In summer 2021, Kainos had over 230 young people attend its CodeCamp initiative in the UK and Ireland, designed to improve skills and encourage participants into a career in IT. Similarly, last year, almost 500 young people attended three-day workshops to help inform their career choices. 

On specifically climate action, when the UN Agency, the International Organisation for Migration (IOM) came to Kainos, they were experiencing issues with infrastructure: essential services couldn't be delivered; they were starting to experience resiliency issues; and, as an organisation that operates in over 150 countries, they were worried about security. 
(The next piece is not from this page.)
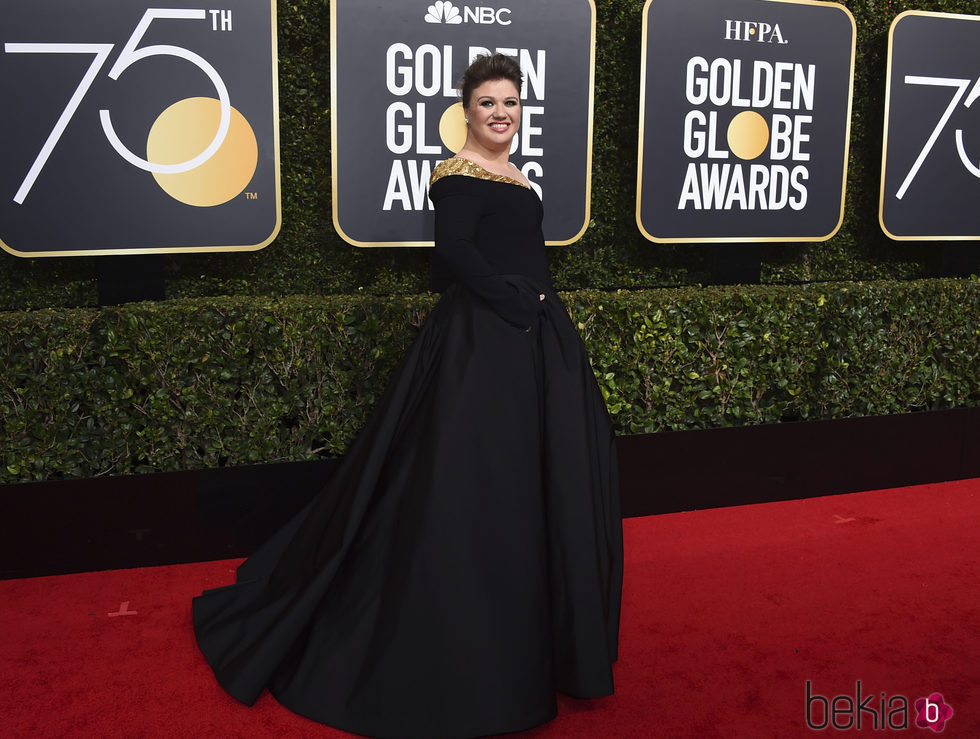 Kelly Clarkson en la alfombra roja de los Globos de Oro 2018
“Working with Microsoft, we helped the IOM to migrate to the cloud. It’s a success story of the services that we provide to the end users and a positive one around the sustainability aspect.” 
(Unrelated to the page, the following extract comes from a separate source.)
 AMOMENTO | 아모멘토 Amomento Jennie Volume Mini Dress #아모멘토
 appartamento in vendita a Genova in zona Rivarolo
Kainos developed its own IP for the purpose of a carbon calculator, combined with Microsoft’s expertise from their own Azure carbon reporting tool.
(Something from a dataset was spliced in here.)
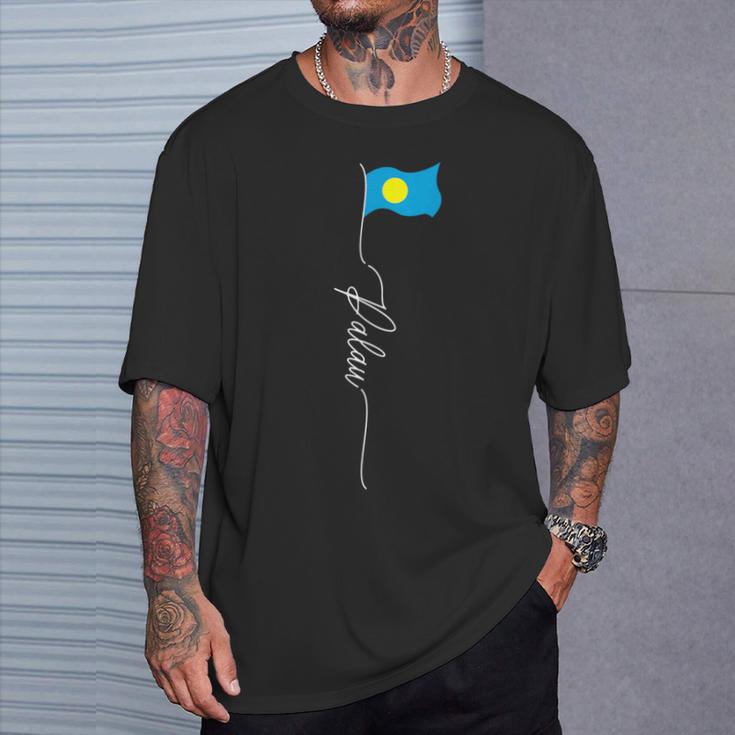 パラオ国旗 パラオ国旗 パラオ愛国国旗 Tシャツ 彼への贈り物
“We created an algorithm around measuring the level of carbon reduction. If you have an in-house VM (virtual machine) data centre, we look at how the reduction level differs when all that is moved onto the public cloud,” he says.

Sloan highlights that this changes the conversation at a CEO-level around the cloud, shifting from one of cost to the availability of service, resilience and security, instead.

Kainos was a carbon-neutral organisation in 2021, where they set scope one, two and three emission reduction goals; their target is to be carbon net-zero by 2025. 

Microsoft – themselves aiming to be carbon negative by 2030 and by 2050 – wishes to remove from the environment all the carbon the company has emitted, either directly or by electrical consumption, since they were founded back in 1975.

“If you look at the journey to that commitment, we haven’t got all the answers today, so partnership is going to be incredibly important to us. A really important piece of work that Kainos are delivering at the moment is with IOM on sustainability.

“It’s a fantastic customer example where they have developed the cloud carbon reduction calculator, delivered the IOM’s journey to the cloud and migration of three data centres, and that customer has achieved an estimated 92% reduction in carbon emissions,” says McCourt.

 Sloan adds that sustainability and carbon emissions are on everybody's agenda, so Kainos wanted to help lead customers to the right answers and give them the digital tools they need for their journey towards decarbonising.

“We'll be seeing some campaigns over this upcoming year using our carbon calculator, and it'll feed into some of our work around cloud strategy and around cloud migration type activities,” says Sloan.


Expanding services across the world

According to Sloan, Kainos’ digital transformation to date is mainly concentrated in the UK, but one of the big attractions of working with Microsoft is their global reach. 

“Kainos has a good global reach with one of the other partners, Workday, where we're a fully global organisation. So, from a digital transformation perspective, we are looking to expand this year into Canada and Germany. 

“Microsoft is fully supportive, so I expect to see more in that space, too, as we look further into the future to North America and Central Europe.

“We also have our data and AI practice. Getting services and solutions onto the cloud is the first step, but then what do you do with data? And how does that enable you to make better decisions about your business? Both from just accessing the data and then adding the real intelligence, data science or some of the artificial intelligence in helping them to make some of the more complex decisions. 

As a continuation of that process, Kainos has an intelligent automation practice as well. Intelligent automation is a growing area for them, with the digitisation of processes being a huge opportunity for organisations to increase efficiencies and improve employee and customer experience.

Kainos is making big, decisive steps into the future with their dedicated, innovative partners – and it’s going to be up to the rest of us to catch up.